Willie Dickerson, Snohomish, Washington


Even during his recent vacation in Martha’s Vineyard Obama was calling members of Congress to support the Iran deal. In case of a veto he needs 34 senators to support this historic agreement between Iran and world power such as 5+1. Sen. Jeff Merkley just became the 31st senator to publicly support the Iran deal. 

There is a talk that some of the Republican senators are thinking about breaking away from party lines and voting for it. Sen. Joe Donnelly, a conservative Democrat from Indiana, had this to say in his public support: “I owe it to the men and women of our Armed Forces and to the people of Indiana to have exhausted every other option to stop Iran before we would consider putting any of our service members in harm’s way.” 

So why is it that Sen. Ron Wyden, a Democrat from Oregon, a much less conservative state than Indiana, has not come out to support the president, Secretary John Kerry and diplomacy? Obama is in Alaska trying to bring awareness to the melting of glaciers and global warming. Let him focus on that and other issues, Sen. Wyden.

Roz Omid, Eugene


We often hear and see stories about gun violence in America but on Aug. 26 Americans watched in horror as it played out on live television.

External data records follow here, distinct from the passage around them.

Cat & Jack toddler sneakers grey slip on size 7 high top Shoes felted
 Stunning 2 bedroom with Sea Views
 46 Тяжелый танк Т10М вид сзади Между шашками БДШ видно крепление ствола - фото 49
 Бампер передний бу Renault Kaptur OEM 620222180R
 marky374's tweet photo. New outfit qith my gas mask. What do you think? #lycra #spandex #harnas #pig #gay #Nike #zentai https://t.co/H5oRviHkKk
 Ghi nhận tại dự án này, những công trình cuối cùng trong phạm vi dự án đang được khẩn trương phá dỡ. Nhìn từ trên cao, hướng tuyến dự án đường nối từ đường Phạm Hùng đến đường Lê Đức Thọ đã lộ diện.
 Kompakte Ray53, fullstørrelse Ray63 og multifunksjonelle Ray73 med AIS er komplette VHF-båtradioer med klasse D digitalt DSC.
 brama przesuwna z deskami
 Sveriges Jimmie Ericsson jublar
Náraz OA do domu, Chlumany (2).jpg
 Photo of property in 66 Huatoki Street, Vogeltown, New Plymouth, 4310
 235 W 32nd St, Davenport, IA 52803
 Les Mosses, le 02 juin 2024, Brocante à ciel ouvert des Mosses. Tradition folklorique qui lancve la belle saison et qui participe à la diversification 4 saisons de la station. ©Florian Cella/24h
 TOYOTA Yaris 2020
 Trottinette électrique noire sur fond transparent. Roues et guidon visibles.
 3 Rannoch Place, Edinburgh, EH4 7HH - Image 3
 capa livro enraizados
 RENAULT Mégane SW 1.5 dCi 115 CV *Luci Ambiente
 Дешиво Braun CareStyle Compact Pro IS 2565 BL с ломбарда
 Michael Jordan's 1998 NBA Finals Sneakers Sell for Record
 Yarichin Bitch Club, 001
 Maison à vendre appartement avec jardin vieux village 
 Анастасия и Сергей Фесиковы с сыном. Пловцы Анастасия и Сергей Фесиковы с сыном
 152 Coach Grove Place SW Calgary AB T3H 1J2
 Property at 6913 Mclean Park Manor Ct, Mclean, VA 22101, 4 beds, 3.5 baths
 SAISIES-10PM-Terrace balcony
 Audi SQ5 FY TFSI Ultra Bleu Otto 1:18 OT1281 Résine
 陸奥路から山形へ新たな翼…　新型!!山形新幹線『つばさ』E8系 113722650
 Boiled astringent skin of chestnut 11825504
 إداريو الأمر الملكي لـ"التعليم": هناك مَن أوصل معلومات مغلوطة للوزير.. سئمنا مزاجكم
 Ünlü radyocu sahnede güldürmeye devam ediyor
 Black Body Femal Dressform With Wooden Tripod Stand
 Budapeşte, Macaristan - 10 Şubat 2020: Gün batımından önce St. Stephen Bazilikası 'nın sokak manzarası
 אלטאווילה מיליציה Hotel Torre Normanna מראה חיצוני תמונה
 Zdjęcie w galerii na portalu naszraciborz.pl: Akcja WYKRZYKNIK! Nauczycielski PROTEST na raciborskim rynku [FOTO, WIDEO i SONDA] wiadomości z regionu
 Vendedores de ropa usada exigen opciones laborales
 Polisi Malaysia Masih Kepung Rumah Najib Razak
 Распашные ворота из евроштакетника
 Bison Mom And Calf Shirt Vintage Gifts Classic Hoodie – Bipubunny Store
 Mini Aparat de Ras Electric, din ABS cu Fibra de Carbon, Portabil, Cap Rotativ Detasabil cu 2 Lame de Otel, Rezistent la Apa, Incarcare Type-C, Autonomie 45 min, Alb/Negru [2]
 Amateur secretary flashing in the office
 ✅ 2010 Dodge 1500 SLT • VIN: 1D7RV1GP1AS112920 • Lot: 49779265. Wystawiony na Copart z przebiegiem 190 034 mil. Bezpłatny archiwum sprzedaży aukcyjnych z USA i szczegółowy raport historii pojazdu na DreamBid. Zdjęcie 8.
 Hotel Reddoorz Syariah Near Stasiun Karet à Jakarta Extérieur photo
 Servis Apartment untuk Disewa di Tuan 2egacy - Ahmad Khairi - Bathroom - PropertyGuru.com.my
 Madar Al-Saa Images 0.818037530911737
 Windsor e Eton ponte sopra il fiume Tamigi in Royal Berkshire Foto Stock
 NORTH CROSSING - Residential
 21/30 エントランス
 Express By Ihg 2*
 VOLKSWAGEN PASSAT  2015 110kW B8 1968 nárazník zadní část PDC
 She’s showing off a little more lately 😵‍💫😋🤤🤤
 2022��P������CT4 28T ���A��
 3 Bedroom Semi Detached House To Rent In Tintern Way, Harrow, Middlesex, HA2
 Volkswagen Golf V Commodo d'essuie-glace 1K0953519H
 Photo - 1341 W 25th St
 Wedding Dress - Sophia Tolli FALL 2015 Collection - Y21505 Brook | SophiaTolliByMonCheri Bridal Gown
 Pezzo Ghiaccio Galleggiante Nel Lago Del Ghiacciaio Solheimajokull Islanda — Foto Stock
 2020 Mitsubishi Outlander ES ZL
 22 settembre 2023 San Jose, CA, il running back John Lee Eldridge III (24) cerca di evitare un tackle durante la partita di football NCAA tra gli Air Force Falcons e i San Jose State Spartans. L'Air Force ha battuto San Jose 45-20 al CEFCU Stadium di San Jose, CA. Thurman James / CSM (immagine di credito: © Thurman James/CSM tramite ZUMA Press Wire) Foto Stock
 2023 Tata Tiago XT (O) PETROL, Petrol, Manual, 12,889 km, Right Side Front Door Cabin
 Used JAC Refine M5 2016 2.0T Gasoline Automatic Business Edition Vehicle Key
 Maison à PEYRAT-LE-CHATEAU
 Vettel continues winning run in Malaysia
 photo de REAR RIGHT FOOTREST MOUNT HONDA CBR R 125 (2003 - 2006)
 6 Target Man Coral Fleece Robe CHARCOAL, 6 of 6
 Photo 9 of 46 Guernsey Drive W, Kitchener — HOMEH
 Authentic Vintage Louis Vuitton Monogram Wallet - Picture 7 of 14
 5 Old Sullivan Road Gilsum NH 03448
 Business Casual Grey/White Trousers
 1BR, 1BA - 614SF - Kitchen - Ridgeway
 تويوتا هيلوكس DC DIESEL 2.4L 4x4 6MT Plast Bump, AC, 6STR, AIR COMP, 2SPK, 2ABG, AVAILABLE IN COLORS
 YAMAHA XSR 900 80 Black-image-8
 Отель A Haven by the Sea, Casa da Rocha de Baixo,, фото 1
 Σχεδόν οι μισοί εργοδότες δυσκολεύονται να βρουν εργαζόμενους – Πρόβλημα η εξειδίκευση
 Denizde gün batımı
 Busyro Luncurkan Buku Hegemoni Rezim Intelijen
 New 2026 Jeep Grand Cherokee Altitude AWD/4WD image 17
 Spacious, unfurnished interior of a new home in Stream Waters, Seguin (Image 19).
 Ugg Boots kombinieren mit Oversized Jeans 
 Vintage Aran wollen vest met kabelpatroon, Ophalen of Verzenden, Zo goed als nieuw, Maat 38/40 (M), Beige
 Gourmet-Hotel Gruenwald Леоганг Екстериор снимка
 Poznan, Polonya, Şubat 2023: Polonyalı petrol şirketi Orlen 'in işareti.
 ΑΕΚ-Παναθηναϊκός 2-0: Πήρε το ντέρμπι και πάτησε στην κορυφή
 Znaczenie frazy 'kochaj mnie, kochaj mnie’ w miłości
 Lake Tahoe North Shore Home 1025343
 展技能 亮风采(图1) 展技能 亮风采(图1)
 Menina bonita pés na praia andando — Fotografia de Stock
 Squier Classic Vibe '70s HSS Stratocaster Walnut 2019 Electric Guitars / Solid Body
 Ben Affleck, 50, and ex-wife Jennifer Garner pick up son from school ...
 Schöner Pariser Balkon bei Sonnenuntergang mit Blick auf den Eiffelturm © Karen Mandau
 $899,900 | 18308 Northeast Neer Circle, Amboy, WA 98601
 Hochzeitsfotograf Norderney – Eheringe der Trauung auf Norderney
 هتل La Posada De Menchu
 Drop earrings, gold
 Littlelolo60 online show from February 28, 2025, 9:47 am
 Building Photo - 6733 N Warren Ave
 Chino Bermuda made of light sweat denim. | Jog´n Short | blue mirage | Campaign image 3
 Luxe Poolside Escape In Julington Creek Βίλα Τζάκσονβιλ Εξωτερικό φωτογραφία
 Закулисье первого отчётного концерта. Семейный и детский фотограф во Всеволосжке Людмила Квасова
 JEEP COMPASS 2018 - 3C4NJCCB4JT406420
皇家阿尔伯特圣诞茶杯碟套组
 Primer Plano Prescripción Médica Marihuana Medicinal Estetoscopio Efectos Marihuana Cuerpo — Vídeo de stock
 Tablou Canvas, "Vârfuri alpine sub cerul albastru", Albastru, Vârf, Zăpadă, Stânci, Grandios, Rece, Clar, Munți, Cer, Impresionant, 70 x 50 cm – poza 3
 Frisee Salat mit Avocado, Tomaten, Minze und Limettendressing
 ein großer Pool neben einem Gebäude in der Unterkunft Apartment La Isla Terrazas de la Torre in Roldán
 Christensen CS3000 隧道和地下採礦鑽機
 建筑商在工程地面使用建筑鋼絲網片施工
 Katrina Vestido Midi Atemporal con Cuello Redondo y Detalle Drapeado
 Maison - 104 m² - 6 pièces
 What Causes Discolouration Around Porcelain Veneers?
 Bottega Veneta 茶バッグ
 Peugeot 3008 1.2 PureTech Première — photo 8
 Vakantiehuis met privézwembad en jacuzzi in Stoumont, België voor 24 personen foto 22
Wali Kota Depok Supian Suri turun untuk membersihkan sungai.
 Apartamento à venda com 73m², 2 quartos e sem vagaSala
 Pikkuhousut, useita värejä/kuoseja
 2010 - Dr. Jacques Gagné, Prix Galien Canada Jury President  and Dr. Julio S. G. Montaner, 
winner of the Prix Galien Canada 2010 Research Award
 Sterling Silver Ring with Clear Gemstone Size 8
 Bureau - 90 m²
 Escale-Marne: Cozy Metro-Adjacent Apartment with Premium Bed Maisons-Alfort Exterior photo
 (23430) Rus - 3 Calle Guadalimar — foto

While there are still a lot of questions to be answered about the tragedy in Virginia, the fact remains that 89 people die from gun violence in the U.S. every day — often at the hands of people who have no legal reason to own firearms.

That’s why gun violence prevention advocates are committed to doing everything we can to keep guns out of dangerous hands and off our streets by expanding background checks to cover all gun sales and shutting down the small number of “bad apple” gun dealers who sell virtually every gun used to commit criminal acts in our nation.

My deepest sympathies go out to the family, friends and colleagues of Alison Parker and Adam Ward, and to everyone who’s been affected by the Virginia shootings. We won’t rest until such senseless tragedies no longer happen.